M. de Vaudreuil au comte d'Antraigues
Ce 7 juillet 1792.

Enfin Froment va partir, et j'ajoute un mot à cette énorme lettre. Nassau est arrivé en Russie le même jour que M. le duc de Brunswick est arrivé à Coblence. Nassau nous a apporté 700.000 francs et la certitude qu'au mois d'octobre nous aurons 15.000 Russes en France. M. le duc de Brunswick a eu des formes parfaites avec nos Princes, et sous tous les rapports son arrivée est le signal de notre bonheur. Il a dit à nos Princes que les deux cours qui lui ont confié le commandement de leurs armées voulaient que les Princes et la noblesse jouassent le rôle brillant qui leur convient, et qu'il ne se serait pas chargé de cette grande entreprise sous d'autres conditions. La parole d'un grand homme est pour moi plus positive que tous les contrats et que tous les serments.

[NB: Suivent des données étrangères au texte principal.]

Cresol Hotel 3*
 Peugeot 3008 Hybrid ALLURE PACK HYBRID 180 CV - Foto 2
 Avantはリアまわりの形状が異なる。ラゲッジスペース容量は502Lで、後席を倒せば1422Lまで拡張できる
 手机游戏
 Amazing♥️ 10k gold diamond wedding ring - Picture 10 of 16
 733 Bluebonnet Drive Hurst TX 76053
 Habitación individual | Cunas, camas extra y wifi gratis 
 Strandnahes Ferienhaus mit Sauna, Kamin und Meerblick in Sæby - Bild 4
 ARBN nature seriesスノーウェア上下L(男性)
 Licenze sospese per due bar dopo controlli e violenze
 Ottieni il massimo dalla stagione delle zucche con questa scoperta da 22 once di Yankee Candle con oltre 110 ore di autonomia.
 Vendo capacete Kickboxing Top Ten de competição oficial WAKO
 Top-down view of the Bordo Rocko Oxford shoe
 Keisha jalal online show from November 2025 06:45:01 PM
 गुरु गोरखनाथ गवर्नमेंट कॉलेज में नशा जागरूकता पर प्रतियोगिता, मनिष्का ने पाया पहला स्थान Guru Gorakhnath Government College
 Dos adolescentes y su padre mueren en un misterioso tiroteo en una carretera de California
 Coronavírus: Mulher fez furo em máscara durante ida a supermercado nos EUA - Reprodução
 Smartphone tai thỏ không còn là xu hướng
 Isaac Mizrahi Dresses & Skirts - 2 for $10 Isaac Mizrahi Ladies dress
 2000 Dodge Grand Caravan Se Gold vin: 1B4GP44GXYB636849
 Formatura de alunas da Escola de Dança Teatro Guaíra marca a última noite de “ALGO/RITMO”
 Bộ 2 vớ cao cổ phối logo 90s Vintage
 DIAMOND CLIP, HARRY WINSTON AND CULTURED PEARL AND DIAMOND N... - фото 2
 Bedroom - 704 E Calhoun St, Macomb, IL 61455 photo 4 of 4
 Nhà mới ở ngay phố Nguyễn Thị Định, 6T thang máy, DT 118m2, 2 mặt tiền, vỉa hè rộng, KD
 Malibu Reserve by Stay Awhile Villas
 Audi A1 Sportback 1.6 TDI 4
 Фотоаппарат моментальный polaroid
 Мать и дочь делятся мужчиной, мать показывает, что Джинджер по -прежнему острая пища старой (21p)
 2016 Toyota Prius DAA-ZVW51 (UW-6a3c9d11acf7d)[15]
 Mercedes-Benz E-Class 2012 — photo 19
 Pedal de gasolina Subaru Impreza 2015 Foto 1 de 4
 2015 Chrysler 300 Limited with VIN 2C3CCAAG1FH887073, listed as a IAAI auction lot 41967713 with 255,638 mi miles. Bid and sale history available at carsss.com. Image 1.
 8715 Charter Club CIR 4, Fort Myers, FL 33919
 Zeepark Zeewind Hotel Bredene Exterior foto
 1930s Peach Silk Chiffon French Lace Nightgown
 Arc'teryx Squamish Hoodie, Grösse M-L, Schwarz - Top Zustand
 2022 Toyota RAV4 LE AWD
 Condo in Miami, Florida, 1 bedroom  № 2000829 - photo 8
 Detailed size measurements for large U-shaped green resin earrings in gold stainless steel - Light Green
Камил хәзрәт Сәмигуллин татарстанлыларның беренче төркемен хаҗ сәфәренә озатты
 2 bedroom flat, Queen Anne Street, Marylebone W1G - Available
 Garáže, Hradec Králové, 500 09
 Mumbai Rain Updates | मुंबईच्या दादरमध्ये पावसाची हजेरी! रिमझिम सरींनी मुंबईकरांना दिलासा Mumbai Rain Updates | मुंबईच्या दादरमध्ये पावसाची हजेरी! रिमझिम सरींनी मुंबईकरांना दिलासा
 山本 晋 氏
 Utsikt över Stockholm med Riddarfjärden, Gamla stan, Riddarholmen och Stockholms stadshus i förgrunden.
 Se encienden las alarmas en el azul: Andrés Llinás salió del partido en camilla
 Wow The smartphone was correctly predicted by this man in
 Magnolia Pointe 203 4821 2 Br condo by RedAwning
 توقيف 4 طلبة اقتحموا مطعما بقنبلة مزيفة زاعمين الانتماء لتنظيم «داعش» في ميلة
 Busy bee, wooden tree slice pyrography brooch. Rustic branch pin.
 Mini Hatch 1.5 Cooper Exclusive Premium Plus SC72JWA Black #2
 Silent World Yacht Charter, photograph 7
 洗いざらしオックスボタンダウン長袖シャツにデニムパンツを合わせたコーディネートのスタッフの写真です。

Je vais vous parler avec confiance, mais pour vous seul, de ce que je prévois pour l'avenir. Je ne crois pas que le baron de Breteuil tire profit pour lui de toutes ses intrigues ; il est démasqué, méprisé, décrié et reconnu incapable ; mais Calonne ne sera sûrement pas l'homme qu'on mettra à la tête des affaires. La haine de la Reine est implacable, et il serait nuisible même aux affaires de lutter contre ces préventions indestructibles. Les agents de Breteuil ont même indisposé contre lui toutes les cours, sans avoir rien opéré en faveur de Breteuil. Qui tirera donc à lui la couverture ? Qui ? Celui-même que le Roi avait fait l'intermédiaire entre les Princes et Breteuil, le maréchal de Castries. Voilà ce que je vous prédis, mon cher comte. C'est un homme probe, et c'est beaucoup ; mais est-ce assez ? L'avenir nous l'expliquera, car cela sera comme je vous l'annonce.
Pour mon compte, tout m'est poarfaitement égal, car j'ai bien positivement renoncé à tout, même à ma patrie, que je n'habiterai jamais. J'irai la reconquérir pour la quitter bien vite, après avoir fait tout ce que m'auront dicté le devoir et l'honneur.
Adieu, mon cher comte. Vous qui avez les grands talents qu'il faut pour se lancer dans la carrière, ne la quittez pas, et souvenez-vous toujours d'un ami bien tendre.